Representing Pacific communities

I recently read an article by Anae Arthur Anae, National’s first Pacific Island MP. While it was written about 8 years ago, many of his points strike a chord when thinking about political representation of ethnic communities now.

  • He talks about his surprise, as National’s candidate for Auckland Central in 1993, that Pacific people in the seat voted along class and historic lines, rather than for a Pacific Island candidate.
  • As a list MP from 1996-1999 he struggled with the challenges of representing the PI community – geographically spread the length of the county, linguistically and culturally diverse.
  • His attempts to build cross-party forums with other PI MPs
  • The challenge to get Pacific issues understood and prioritised within a party focussed on the “economic situation”
  • The PI communities’ disappointment when National dropped him from 19 to 25 of the list “to make sure that the new intake was representative”

Anae tried to represent every Pacific Islander, whether they voted National or not, whether they were Samoan or not, even if they only thing they shared with him was Pacific heritage.

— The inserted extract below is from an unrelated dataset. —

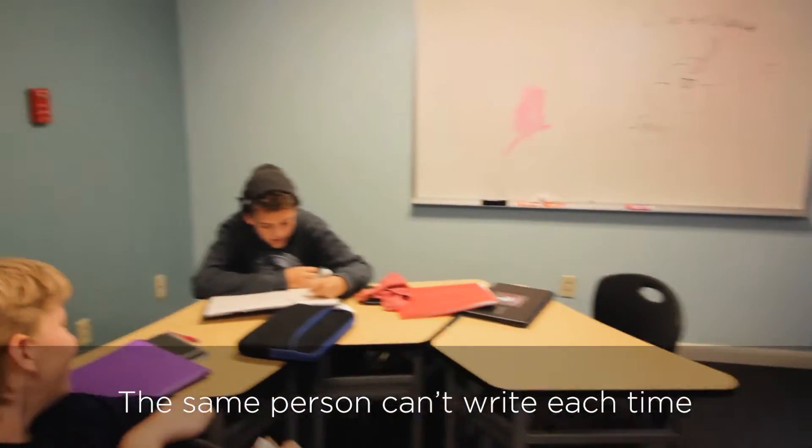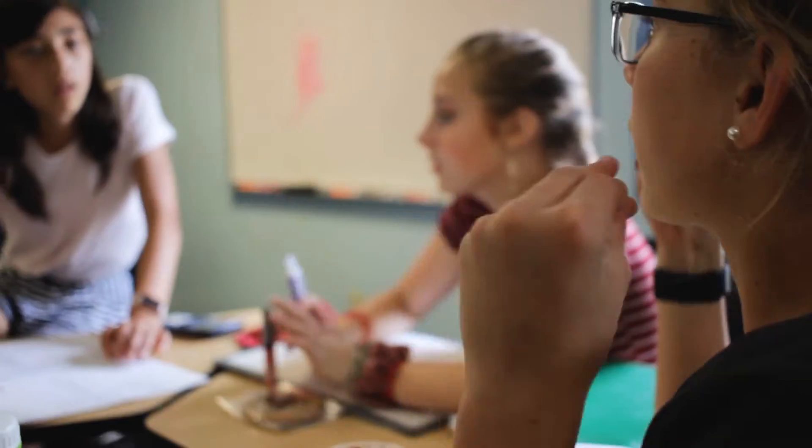Next question — different person writing this time. And that's how the game goes; we just keep going until we run out of time.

At the same time he represented every National voter, everyone who shared his moral views, not to mention everyone in his neighbourhood.

We ask so much of our MPs, we ask them to represent every single one of us, to empathise with us, to understand us, to know where we come from, to be like us.

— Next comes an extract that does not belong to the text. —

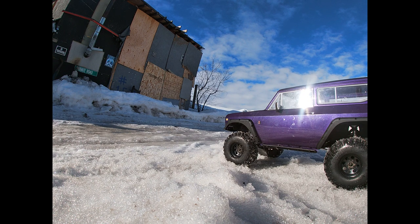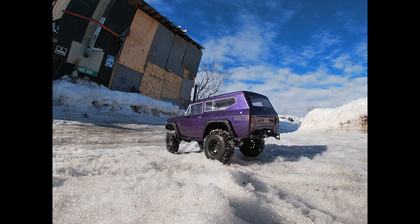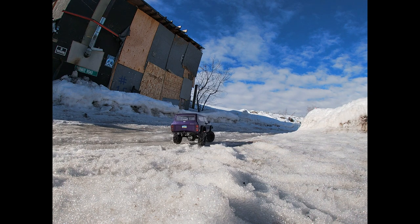So far it's been keeping up with the TRX4 pretty good. I'd say it keeps up with my Bronco because it's brushless, but it's pretty amazing — I've been having a blast.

We also ask a lot of our ethnic communities, we ask them to speak with a single voice, have a homogenous world view, and choose a single representative. The Pakeha community is not homogenous, we are full of dissent, disagreement and diversity. We are represented by many people with differing views and voting histories. Why should we expect the PI community to be any different?

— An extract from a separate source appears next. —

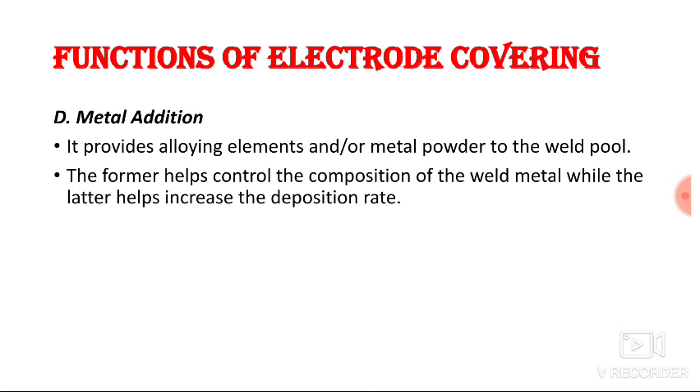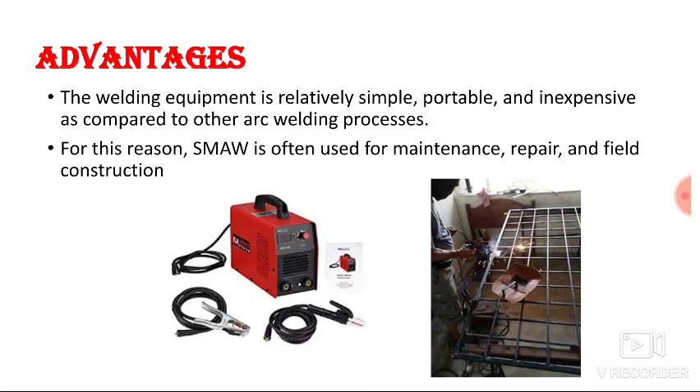The fourth function is metal addition — the electrode covering provides alloying elements and metal powders to the weld pool. The alloying elements control the composition of the weld metal so it has the same characteristics as the base metal. Metal powder helps increase the deposition rate and improve the efficiency of the process.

Perhaps the answer is that we are all multi-faceted and we are each represented by a number of different MPs, as a Karori-ite I have Grant Robertson, but as a disabled person a different MP represents my voice better, as a woman maybe some different people again, as a Pakeha there are a whole bunch of people like me in Parliament, and so on.

Maybe that is how we need to see the PI electorate: multi-faceted individuals, families and communities represented by a wide range of MPs.

And Pacific MPs? They represent one facet of a number of PI voters, they represent another facet from a different (and probably overlapping) group, and so on. They don’t speak for all Pacific people all of the time, sometimes they speak for another group, sometimes they speak for themselves. By the same token, Pakeha MPs carry the responsibility of representing some of the aspirations or challenges of Pacific people.

I will leave the final words to Anae

I have learned that despite being a Pacific person and having the desire, energy and vision to effect change for Pacific peoples, this cannot be acheived alone.

Taken from Tangata o te Moana Nui: The evolving identities of Pacific Peoples in Aotearoa/New Zealand

2 thoughts on “Representing Pacific communities

  1. I agree with everything you say here Anita. That’s why I get very uncomfortable when a political party says “Look, we have a PI candidate! That means you can tick the box that says ‘represents PIs’. And look here, an Asian one…” (which of course overlooks the fact that “Asian” covers a multitude of cultures and races).

    If parties were truly concerned with being representative they would take every opportunity to consult with, listen to, and implement the wishes of the electorate throughout their term. But of course they spend a great deal of their time and our money avoiding precisely that while maintaining a pretence of “consultation”.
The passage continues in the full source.